+++ Task data +++

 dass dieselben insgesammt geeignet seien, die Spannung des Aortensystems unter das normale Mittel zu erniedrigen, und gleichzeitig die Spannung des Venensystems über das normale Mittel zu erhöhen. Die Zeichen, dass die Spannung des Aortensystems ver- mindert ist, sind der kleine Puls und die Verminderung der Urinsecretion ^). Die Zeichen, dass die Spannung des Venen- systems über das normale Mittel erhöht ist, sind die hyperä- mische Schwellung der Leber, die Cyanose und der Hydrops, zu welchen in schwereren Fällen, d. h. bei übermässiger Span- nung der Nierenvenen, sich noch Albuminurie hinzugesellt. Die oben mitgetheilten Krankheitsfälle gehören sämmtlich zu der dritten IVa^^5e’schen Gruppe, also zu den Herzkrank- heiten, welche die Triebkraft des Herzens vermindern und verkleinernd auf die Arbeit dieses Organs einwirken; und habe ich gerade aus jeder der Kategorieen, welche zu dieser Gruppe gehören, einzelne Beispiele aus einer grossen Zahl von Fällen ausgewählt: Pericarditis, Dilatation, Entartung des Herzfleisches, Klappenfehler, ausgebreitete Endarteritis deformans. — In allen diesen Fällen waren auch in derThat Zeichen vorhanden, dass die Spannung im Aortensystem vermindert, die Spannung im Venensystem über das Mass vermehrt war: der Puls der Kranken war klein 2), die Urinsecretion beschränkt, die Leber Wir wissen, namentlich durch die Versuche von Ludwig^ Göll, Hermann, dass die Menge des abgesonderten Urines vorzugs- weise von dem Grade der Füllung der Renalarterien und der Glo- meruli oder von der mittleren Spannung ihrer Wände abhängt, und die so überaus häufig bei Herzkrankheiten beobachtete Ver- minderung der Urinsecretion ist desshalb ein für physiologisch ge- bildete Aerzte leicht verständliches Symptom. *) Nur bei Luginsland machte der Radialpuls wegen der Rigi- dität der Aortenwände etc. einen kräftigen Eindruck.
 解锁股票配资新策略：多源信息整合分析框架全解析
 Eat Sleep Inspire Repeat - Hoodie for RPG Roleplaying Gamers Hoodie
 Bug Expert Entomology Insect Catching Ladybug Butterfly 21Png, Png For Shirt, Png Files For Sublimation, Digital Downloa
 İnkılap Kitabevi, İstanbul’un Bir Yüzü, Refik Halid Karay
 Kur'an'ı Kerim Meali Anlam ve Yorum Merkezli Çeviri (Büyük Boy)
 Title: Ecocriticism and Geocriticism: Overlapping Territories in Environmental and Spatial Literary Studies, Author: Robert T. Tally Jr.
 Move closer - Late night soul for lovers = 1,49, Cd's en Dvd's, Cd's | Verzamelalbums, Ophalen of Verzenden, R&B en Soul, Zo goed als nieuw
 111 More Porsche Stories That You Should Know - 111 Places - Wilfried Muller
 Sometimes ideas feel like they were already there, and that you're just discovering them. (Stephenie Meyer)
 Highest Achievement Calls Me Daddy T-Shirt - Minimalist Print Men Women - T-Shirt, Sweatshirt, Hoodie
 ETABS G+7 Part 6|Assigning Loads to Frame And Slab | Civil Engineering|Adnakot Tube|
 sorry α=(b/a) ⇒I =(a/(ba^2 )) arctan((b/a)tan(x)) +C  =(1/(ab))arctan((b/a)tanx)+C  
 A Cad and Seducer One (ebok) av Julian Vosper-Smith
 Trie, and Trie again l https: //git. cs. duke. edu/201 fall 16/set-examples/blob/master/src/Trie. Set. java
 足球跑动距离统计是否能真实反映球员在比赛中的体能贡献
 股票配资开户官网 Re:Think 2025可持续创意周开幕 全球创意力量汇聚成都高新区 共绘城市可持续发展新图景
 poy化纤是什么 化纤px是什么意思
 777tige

+++

If a line in the entries includes the word "Shirt", copy that line out.

 Bug Expert Entomology Insect Catching Ladybug Butterfly 21Png, Png For Shirt, Png Files For Sublimation, Digital Downloa
 Highest Achievement Calls Me Daddy T-Shirt - Minimalist Print Men Women - T-Shirt, Sweatshirt, Hoodie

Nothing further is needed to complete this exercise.